I watched with numb satisfaction as Jaxon executed my attempted rapists. But then the adrenaline wore off, and the shock set in. I clung to Jaxon as he held me against his bare, bloody chest all the way home.

I cried in a silent, catatonic way as the chills began, filling me with an eternal winter as my body shook. Tears streamed down my face, one by one, warm and slick.

“You’re okay, you’re safe,” Jaxon said, holding me upright in the shower as he washed the blood off both of us. He was a good friend. “Fuck it. Sell that necklace the farmer gave you tomorrow. And we’ll leave when the merchants do. We’ll catch a ride with one of them—one of the ones from a coastal town—and we’ll be there in a few days. We have plenty of funds now, all thanks to you. So will Isabella, even if she doesn’t deserve a dime of it.”

He stared into my eyes, and something bad must’ve leaked into them because he quickly swallowed and shut up.

“Sorry. Morning. We’ll talk in the morning.”

He stepped out and covered me with a towel, pulling me against him again. “You’re safe, Scar. You’re safe. Come back now.”

I blinked and reset.

When I pulled back, I nodded. “Okay. I’ll sell it tomorrow. Then the next day we leave. This place is cursed. There’s nothing left for me here.”

5

RUNE

Past

Little Flame was twelve now. I waited for her to finish her lessons with the other village kids in the heart of the city and make her way back to her cottage. I found a wealthy family’s grand tomb in the nearby cemetery to set up camp. I didn’t even scan the tombstones anymore, not since I started coming to Crescent Haven for Little Flame and her alone.

I’d seen her briefly last year same time, but hunters cut my visit short. I left without a trace or confrontation, sneaking through the hole I’d cut with an ancient athame in the witches’ wards before closing it back. I didn’t want them to see who I was. They would’ve recognized me immediately, if only by legends and word of mouth, and then I would’ve had to kill them. If rumors had gotten back to the city, they would’ve invited irritating questions that I would never answer. There was a reason I no longer had a last name. Monsters were far scarier when they had no beginning and no end.
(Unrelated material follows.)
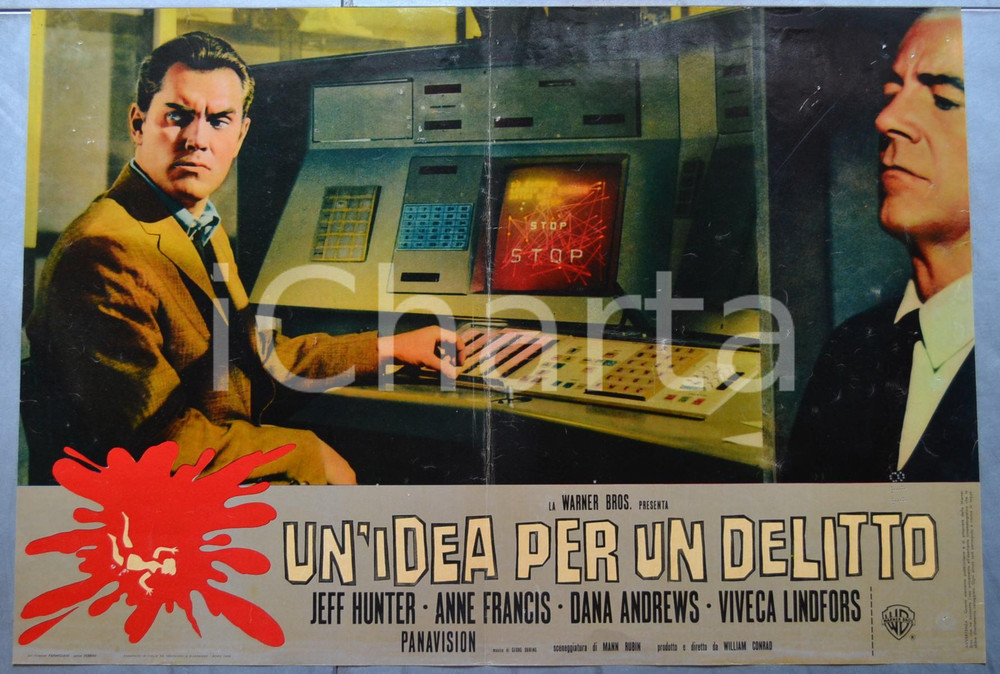 Materiale cinematografico d’epoca 1965 CINEMA  BRAINSTORM Un idea per un delitto Jeff HUNTER Lobby card 5 1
Putting Crescent Haven on my enemies’ radar also might put Little Flame in danger. Though I watched her, for only a brief span every year or two, I would never let her see me. I would never let her know me, though I was sure by now she’d heard my infamous four-letter name. I would exist only in her mind until the day she died, after living a long, fulfilling human life—full of love, loss, grief, and joy—far removed from the city of the dead.

This girl belonged with the living. She was the fire of life itself.

I needed to stop coming back here. I couldn’t explain this compulsion, this need to check in on her and see how her life had evolved since I’d last visited. She was a perplexingly complex creature, full of such deep sadness almost as great as her bursting, uncontainable delight. It was as though she’d been here many times before. She knew how to roll with the punches. She knew how to pick herself up and dust herself off after a fall, understanding innately that every valley in this life promised a peak right around the corner.

She was a magnetic force. Her scent was everywhere, like she was the lifeblood of the village itself. When she spoke, people couldn’t help but turn their heads toward the sound. If only they’d heard her sing. I hoped they had—I hoped she didn’t save it for when she was all alone.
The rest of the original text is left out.